The fundamentals in football are how to block, how to tackle, how to catch and how to pass. One of the fundamentals of redesigning a web site is to preserve, or at least account for, existing inbound links to the site.
So it was odd to discover after the redesign of NFL.com was unveiled amid much fanfare, that they changed the URL structure of the pages of individual football player’s profiles but failed to account for all the links that pointed to the old player profiles.
Pro Football Bloggers’ Links To NFL.com
According to Google, there are 22,800 inbound links to the root NFL.com domain. As of this writing, Technorati lists more than 67,000 blog posts linking to NFL.com. That’s a lot of links representing a lot of traffic and a major marketing blunder.
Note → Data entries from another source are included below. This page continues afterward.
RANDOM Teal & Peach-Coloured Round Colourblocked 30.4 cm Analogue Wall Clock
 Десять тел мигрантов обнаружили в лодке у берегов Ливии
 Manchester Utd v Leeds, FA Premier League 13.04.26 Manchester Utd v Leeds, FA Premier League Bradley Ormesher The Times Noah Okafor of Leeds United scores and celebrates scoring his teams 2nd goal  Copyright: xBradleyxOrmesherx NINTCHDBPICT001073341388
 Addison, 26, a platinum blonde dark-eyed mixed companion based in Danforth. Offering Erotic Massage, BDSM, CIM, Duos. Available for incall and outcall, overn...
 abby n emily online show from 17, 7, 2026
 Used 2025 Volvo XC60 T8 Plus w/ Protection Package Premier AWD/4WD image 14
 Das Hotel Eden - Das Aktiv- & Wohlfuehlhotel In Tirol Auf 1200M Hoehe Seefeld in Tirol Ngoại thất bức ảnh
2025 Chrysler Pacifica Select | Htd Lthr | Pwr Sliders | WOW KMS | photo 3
As someone who blogs quite a bit about pro football, the league’s failure to account for existing links to their site is especially annoying because all of the links I have to player profiles prior to the redesign are now broken. This is obviously lost traffic to NFL.com, but, more importantly to me, the broken links create a horrible user experience for the readers of my blog posts. They get is an error page rather than the player profile they were expecting.
The extremely frustrating thing for me is that long ago I made it policy to link to a player’s NFL profile under the reasonable assumption that the links wouldn’t change. The problem of linking to team profiles is that players change teams though trades, free agency, and cuts and that results in broken links. It’s reasonable to assume that many other football bloggers came to the same conclusion.
Perhaps I should only link to Wikipedia player bios from now on.
But it is not just links from blogs that have been broken, the links from the search engines are broken, too, and that’s a user experience and branding problem for the NFL.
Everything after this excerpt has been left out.